**TASK DIRECTIONS:** From the line with "Scarpe per ragazzi: Winterstiefel" to the line with "Certified 2026 Toyota Corolla LE image 2", retype each line exactly as it stands in the records below, but skip the pictures.

**EXTRACTED INFORMATION:**

·····

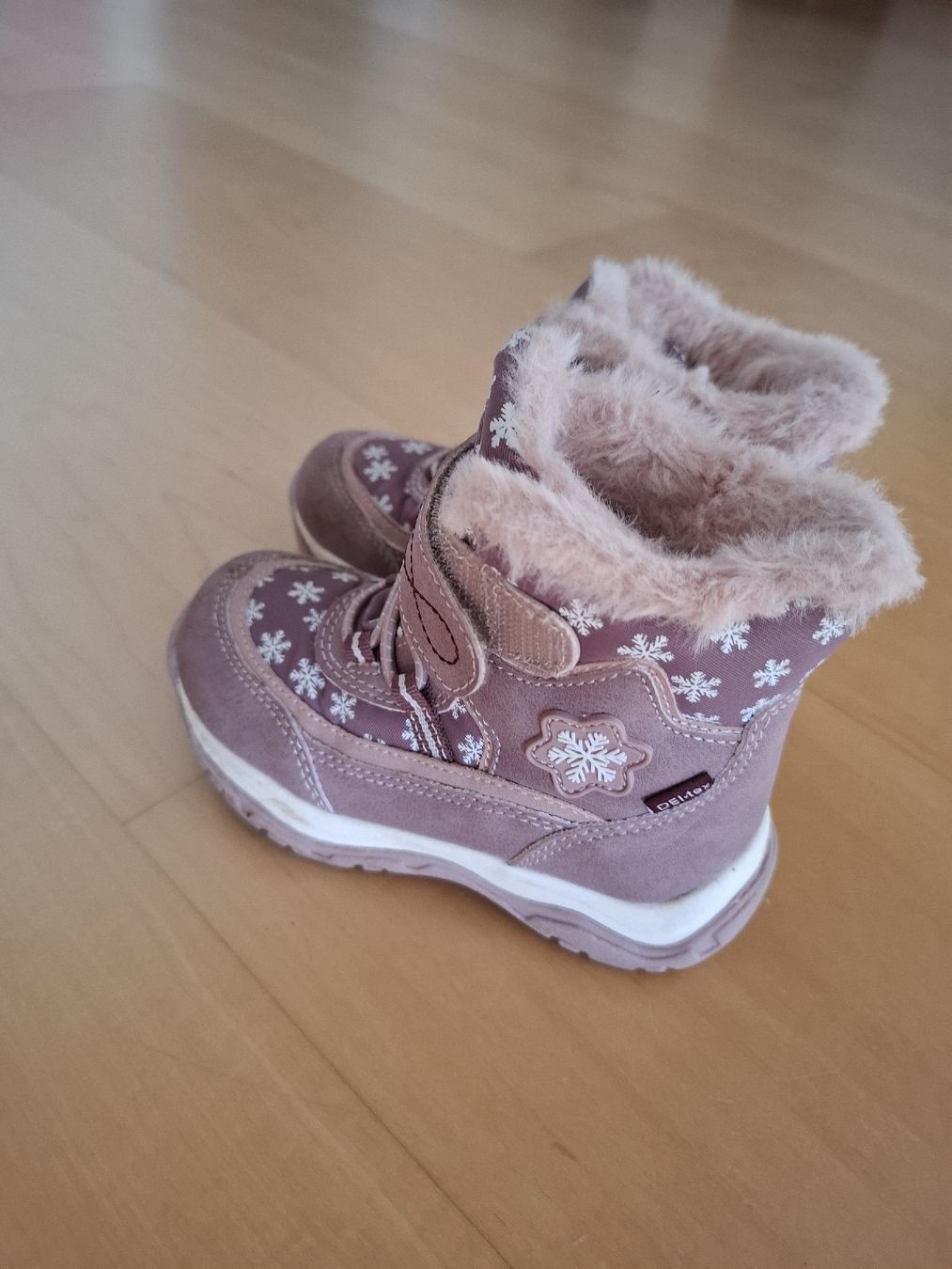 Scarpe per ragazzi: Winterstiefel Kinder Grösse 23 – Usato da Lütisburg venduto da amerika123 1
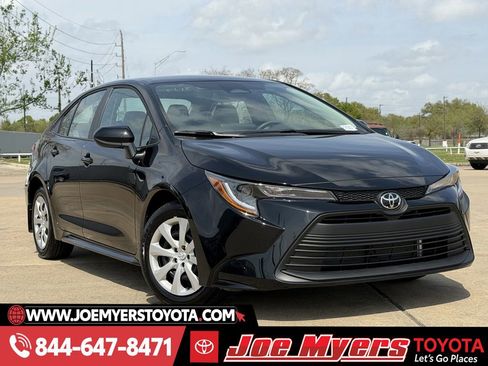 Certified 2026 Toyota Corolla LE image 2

·····

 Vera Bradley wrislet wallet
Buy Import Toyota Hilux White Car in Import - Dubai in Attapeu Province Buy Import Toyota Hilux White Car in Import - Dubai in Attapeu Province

·····

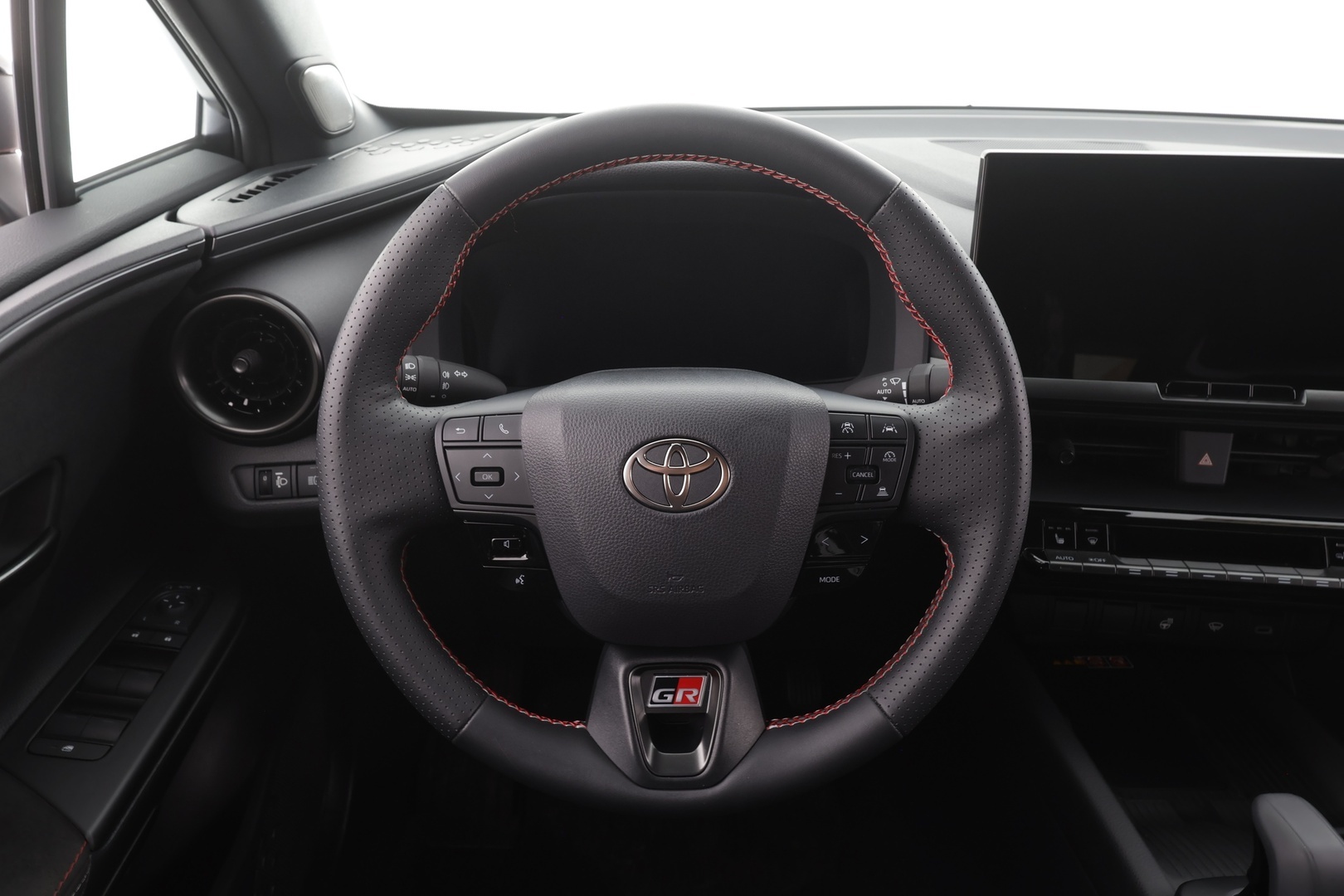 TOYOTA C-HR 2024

·····

**EXERCISE RESULT:**
 Scarpe per ragazzi: Winterstiefel Kinder Grösse 23 – Usato da Lütisburg venduto da amerika123 1
 Certified 2026 Toyota Corolla LE image 2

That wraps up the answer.